The bill, The Chesapeake Clean Water and Ecosystem Restoration Act (S. 1816), was approved last June by the Senate Environment and Public Works Committee – with broad bipartisan support – after committee members agreed to drop or modify controversial provisions opposed by farmers and other stakeholders, while maintaining strong provisions to ensure real progress in achieving Bay restoration goals. While state governments, communities, farmers, and others have been working hard for 25 years to reverse the decline of the Bay, these efforts have not been enough to bring back the Bay.
“Farmers have been critical and active partners in efforts to restore the Bay for decades, but agriculture remains the region’s largest contributor of excess nutrient and sediment runoff that degrades the Bay,” added Friedman. “The bill approved by the Environment and Public Works Committee will provide farmers the strategies, tools, and human resources they need to help them accelerate their accomplishments, while maintaining a thriving farming economy.”
“The revised bill also provides a balanced approach to ensure that all pollution runoff sources – urban and rural; municipal, industrial, and agricultural – do their fair share to make clean water and healthy ecosystems a reality locally and regionally,” concluded Friedman.
The modifications to S. 1816 by the Senate Environment and Public Works Committee provide new resources and benefits to the agricultural sector, including:
• $80 million funding minimum over 5 years for implementation grants to develop and implement state watershed implementation plans, with a requirement that at least 20 percent of the funding is dedicated to providing technical assistance to farmers and forest owners.
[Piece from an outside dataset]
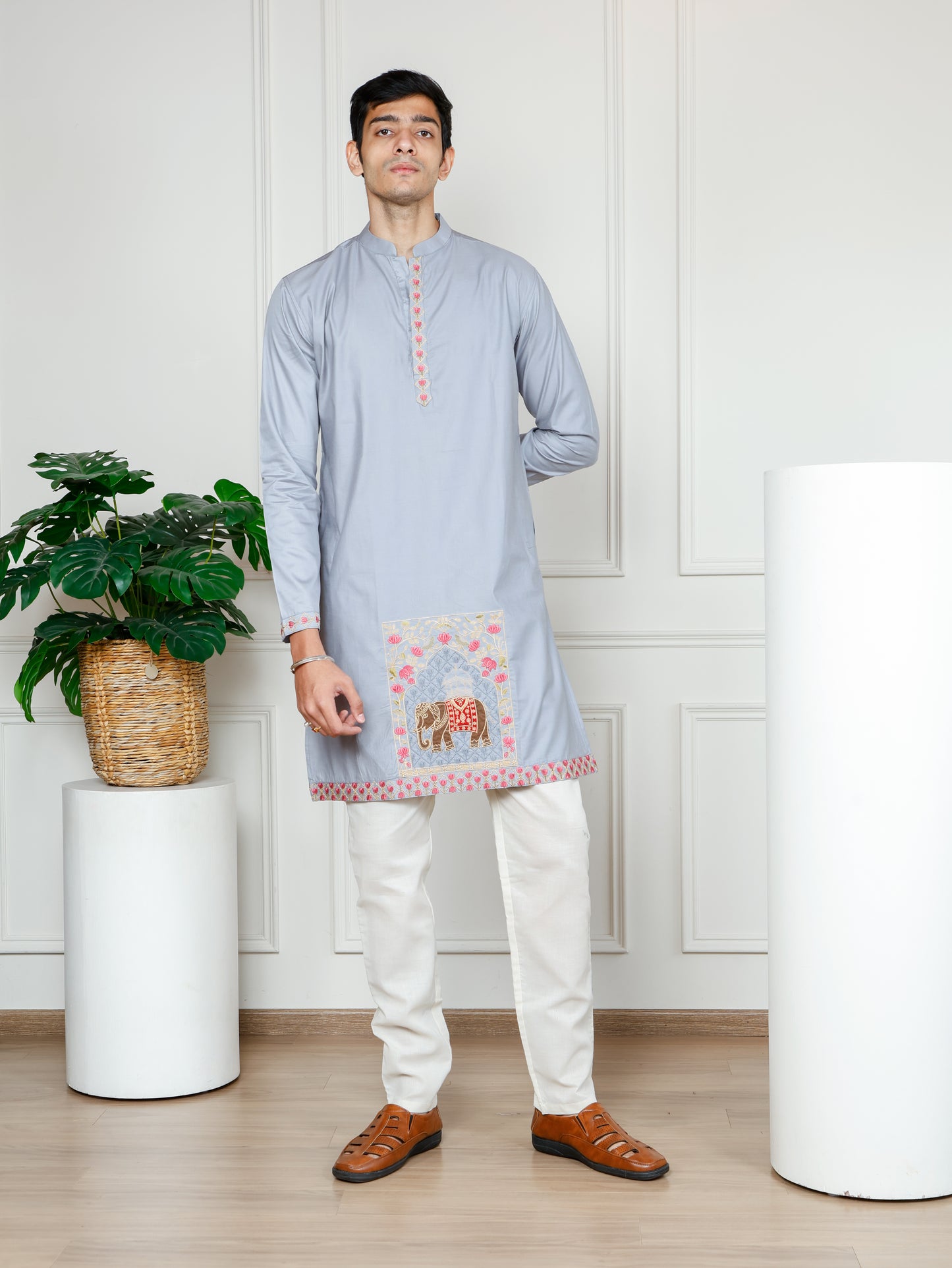 Elephant motif patckwork only kurta-Grey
This provision is critical since technical assistance funding often is severely lacking.
• $10 million in grant funds for Centers of Excellence to develop and advance innovative and effective agricultural conservation technologies, policies and practices.
• $30 million to fund an agricultural animal waste-to-bioenergy deployment program.
• Basin-wide database for improved tracking of all agricultural conservation practices–not simply those supported through public funds–to ensure that farmers get the credit they deserve for reducing nutrient and sediment runoff.
• Safe Harbor provision to ensure that EPA enforcement cannot target farmers in full compliance with conservation plans and practices required by their state-developed watershed implementation plan.
• Interstate nutrient trading program that offers farmers a voluntary opportunity to participate and benefit economically from nutrient reductions through the marketplace. Participation is 100 percent voluntary.
In addition, to address concerns from agriculture community members, the bill was revised so that the current version does not:
1. Codify the Total Maximum Daily Load (an estimate of the maximum amount of nutrient and sediment runoff that a body of water can receive and still meet clean water goals),
2. Provide the U.S. Environmental Protection Agency (EPA) unlimited permitting authority
3. Allow EPA to substitute its policy choices for state policy choices.